# Work required
Find "echtes Herbstlaub Gelnägel" in the listing below, then set down only that line and each later line, unchanged, leaving out pictures.
*** Exercise data ***
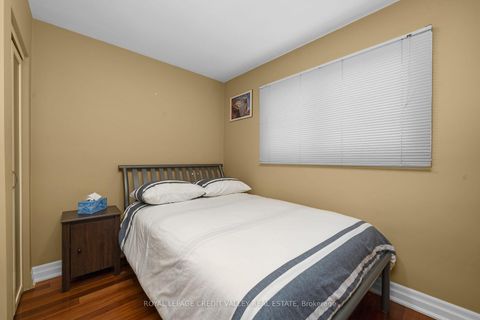 Photo 23 at 5 Faulkner Crescent, Humbermede, Toronto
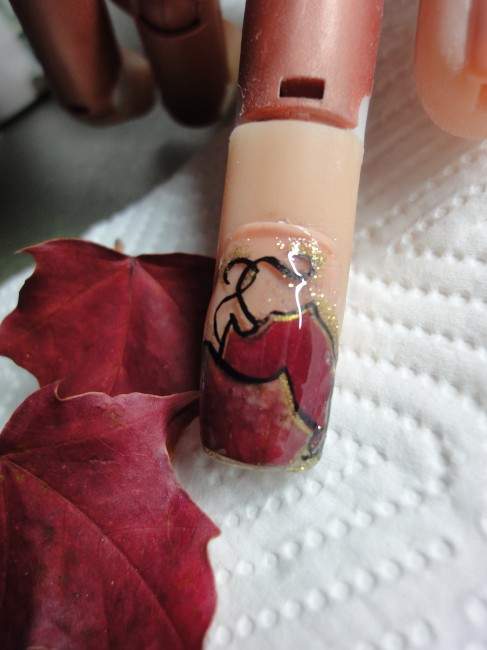 echtes Herbstlaub Gelnägel eine etwas andere Herbst-Version in Anfänger Nageldesign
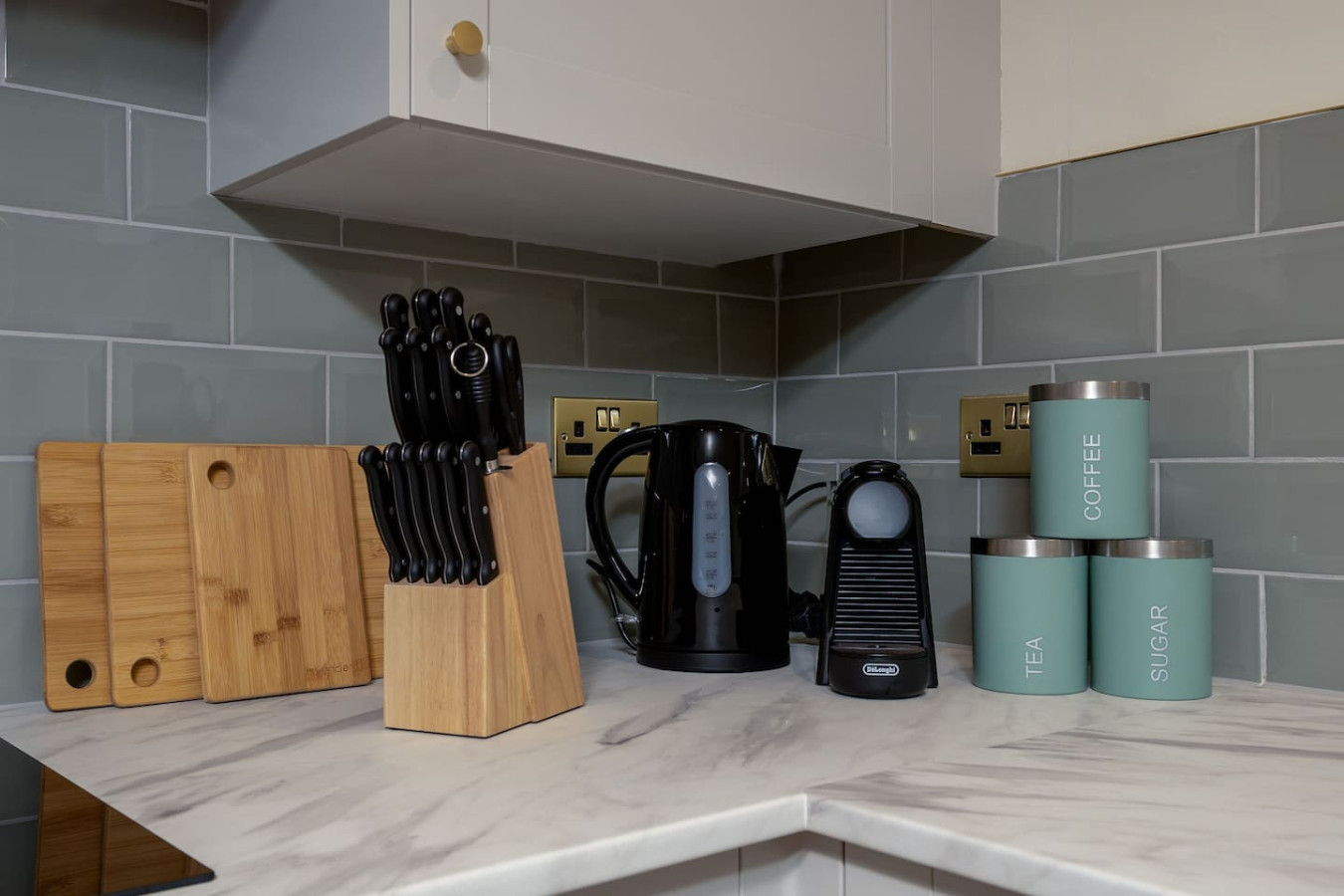 Bridgend Studio - Near Free Parking in Bridgend 2A - Property image 13 - VivreStays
*** End of Exercise data ***
# Output below
 echtes Herbstlaub Gelnägel eine etwas andere Herbst-Version in Anfänger Nageldesign
 Bridgend Studio - Near Free Parking in Bridgend 2A - Property image 13 - VivreStays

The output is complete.